World-scale copper mines. Infrastructure expansion across the Vaca Muerta shale formation. Battery factories in Jujuy Province. There are many major investment opportunities in Argentina. But global investors, as prudent stewards of capital, have good reason for hesitation. Investors are wary of volatile political environments in developing nations. Wary of Argentina’s over-regulation and history of corruption, of unattractive repatriation of capital frameworks, complex water issues, and the delicate co-existence with indigenous groups and eco-tourism.
And for the long-term investor, the threshold issue: what does Argentina look like, and are my investments safe, post-Milei?

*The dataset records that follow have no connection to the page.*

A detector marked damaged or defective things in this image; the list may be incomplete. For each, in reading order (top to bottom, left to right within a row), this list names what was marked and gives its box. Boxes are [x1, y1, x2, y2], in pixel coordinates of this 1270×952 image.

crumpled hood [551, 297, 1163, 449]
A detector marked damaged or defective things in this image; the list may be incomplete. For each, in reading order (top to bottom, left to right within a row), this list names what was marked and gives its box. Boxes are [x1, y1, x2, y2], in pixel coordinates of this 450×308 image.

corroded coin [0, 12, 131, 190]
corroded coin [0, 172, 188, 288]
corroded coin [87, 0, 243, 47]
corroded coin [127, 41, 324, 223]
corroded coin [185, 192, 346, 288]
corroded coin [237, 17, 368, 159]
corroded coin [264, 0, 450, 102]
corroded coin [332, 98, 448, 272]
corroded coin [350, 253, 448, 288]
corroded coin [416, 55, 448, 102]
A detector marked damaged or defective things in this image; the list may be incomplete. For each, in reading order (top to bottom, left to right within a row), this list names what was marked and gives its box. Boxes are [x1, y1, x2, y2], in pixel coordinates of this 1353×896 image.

But let’s take a step back. Much of the world’s undeveloped resources riches are found in host countries with do not have a track record in supporting multi-billion-dollar foreign investment.
Isn’t this the challenge of the 21st century – to incentivise and suitably reward private capital to invest into the vagaries of developing nations and the energy transition?
If successful, a revival of Argentina would influence global geopolitics, and support the world’s decarbonisation ambitions.
Milei’s ability to attract new investment is the litmus test for Argentina’s economic revival. International stakeholders must support Argentina, with actions. As an investor, I would gladly forego some of the dividends I receive from major resources companies, to see these companies make some long-term bets on Argentina’s potential for transformation under Milei’s leadership. An unprecedented cavalry of resources majors, sovereign funds, Gulf and Asian State money, can come together with expertise and … perhaps, in due course, deep pockets … to develop the resources endowment of countries such as Argentina. These are the frontlines of investing for the world’s ambitions of future energy abundance.
And for this, the investors need to believe: the population of Argentina has the ambition, not just to chainsaw the status quo, but to build a generationally better future.
Looking ahead
And so we look forward.
A charismatic, wild-haired underdog. Misty-eyed dreaming about a better future.
And maybe Lloyd Webber can start thinking about a sequel.